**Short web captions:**
---*---
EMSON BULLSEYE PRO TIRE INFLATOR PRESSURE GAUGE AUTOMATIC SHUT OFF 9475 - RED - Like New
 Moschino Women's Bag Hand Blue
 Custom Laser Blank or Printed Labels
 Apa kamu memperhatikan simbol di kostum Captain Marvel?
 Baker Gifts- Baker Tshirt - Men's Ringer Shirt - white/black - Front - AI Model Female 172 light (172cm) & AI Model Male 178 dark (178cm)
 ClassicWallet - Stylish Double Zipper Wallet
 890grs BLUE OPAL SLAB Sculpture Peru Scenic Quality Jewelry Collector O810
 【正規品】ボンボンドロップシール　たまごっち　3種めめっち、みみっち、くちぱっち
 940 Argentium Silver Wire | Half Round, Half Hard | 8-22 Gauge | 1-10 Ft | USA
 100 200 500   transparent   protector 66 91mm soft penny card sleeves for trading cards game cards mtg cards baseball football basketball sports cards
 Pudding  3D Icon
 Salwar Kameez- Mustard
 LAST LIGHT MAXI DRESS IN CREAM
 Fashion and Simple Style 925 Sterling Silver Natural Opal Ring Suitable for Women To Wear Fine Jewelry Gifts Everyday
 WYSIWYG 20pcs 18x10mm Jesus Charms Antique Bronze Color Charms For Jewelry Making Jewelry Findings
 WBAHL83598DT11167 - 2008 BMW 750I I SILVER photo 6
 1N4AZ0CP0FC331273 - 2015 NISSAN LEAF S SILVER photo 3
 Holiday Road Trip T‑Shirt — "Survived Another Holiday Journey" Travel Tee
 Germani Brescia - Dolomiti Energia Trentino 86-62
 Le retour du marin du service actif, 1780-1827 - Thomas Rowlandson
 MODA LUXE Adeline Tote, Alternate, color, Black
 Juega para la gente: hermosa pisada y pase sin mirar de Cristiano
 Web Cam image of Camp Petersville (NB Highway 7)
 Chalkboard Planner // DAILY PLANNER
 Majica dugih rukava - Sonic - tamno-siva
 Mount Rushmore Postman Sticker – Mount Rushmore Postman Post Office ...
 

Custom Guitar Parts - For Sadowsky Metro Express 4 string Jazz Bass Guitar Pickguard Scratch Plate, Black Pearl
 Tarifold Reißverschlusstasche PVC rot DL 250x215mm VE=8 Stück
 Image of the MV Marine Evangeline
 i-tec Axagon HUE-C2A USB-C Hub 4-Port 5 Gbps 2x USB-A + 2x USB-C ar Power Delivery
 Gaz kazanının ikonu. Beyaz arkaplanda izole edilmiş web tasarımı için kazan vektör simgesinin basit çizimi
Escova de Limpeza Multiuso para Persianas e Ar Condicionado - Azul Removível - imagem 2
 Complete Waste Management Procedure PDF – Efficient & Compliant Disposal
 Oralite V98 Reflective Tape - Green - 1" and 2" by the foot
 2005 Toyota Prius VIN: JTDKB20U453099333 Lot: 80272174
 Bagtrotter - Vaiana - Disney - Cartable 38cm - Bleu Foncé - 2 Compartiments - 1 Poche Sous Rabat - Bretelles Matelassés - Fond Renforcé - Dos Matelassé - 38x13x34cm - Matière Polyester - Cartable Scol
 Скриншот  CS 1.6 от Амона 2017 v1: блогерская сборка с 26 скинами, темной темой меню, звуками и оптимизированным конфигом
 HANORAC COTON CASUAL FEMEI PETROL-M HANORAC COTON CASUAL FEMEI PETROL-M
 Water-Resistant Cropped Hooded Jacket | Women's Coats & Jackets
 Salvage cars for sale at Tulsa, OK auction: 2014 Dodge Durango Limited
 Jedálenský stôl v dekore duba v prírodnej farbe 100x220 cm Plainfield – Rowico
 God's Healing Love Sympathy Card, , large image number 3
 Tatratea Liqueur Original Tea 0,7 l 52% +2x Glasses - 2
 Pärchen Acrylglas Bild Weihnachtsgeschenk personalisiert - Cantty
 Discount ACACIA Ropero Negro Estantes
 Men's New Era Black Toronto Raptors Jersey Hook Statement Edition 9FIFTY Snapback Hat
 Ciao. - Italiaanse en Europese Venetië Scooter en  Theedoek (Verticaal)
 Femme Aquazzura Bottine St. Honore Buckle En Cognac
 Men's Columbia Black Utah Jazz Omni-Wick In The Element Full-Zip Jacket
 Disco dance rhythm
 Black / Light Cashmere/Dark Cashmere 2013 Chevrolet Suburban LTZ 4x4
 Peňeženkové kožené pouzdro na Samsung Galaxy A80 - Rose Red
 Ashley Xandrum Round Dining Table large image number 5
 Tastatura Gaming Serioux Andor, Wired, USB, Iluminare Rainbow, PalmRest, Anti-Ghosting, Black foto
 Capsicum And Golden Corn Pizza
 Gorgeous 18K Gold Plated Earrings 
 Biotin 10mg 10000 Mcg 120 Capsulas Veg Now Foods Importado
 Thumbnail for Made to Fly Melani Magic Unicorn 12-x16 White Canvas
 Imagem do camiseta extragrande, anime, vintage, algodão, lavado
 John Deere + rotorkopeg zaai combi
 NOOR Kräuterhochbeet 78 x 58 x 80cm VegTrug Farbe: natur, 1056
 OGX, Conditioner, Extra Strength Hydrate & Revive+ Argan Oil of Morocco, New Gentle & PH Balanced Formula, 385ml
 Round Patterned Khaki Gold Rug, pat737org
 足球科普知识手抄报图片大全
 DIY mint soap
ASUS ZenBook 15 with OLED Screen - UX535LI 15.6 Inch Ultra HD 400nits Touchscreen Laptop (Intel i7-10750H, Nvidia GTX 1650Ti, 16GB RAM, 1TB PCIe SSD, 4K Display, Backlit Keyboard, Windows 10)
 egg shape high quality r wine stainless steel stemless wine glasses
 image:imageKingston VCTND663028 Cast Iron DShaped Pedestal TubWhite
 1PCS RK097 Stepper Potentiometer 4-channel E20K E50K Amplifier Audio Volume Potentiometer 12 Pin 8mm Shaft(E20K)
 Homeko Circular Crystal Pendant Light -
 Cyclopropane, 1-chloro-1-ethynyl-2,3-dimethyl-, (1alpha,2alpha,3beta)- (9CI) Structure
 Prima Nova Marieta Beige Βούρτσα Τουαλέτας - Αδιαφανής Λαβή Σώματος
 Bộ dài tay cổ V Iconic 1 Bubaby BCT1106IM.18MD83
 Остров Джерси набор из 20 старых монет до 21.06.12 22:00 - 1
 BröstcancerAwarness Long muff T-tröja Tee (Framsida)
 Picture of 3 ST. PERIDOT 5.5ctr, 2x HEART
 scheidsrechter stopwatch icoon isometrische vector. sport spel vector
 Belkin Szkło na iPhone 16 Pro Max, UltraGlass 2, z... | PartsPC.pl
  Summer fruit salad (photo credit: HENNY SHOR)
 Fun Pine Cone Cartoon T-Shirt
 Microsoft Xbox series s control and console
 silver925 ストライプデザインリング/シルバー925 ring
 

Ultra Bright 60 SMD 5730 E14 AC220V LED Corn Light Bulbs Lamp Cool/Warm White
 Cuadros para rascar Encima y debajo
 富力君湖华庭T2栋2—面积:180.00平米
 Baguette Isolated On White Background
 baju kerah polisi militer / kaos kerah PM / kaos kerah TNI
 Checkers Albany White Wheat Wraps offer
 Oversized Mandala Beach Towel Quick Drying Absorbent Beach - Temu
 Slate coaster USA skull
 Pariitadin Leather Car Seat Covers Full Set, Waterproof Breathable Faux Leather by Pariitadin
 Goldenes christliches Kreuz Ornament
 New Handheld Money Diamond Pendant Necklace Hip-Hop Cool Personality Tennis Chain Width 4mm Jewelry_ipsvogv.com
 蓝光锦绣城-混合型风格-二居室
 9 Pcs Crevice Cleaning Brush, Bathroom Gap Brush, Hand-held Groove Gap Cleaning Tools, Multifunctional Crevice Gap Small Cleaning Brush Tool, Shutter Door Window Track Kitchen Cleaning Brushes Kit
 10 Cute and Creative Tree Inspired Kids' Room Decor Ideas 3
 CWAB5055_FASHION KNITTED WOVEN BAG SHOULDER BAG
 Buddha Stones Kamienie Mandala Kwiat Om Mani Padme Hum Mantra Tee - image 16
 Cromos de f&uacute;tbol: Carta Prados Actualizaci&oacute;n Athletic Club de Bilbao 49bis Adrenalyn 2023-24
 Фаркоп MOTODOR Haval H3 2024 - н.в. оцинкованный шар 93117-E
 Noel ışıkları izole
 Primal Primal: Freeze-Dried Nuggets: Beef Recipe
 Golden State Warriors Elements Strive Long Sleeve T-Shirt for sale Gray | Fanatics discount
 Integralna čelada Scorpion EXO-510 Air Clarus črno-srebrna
---*---
**Work instructions:** Using the entries above, repeat only the lines from the one containing "Juega para la" through the one containing "Mount Rushmore Postman Sticker", end lines included.

**Exercise output:**
 Juega para la gente: hermosa pisada y pase sin mirar de Cristiano
 Web Cam image of Camp Petersville (NB Highway 7)
 Chalkboard Planner // DAILY PLANNER
 Majica dugih rukava - Sonic - tamno-siva
 Mount Rushmore Postman Sticker – Mount Rushmore Postman Post Office ...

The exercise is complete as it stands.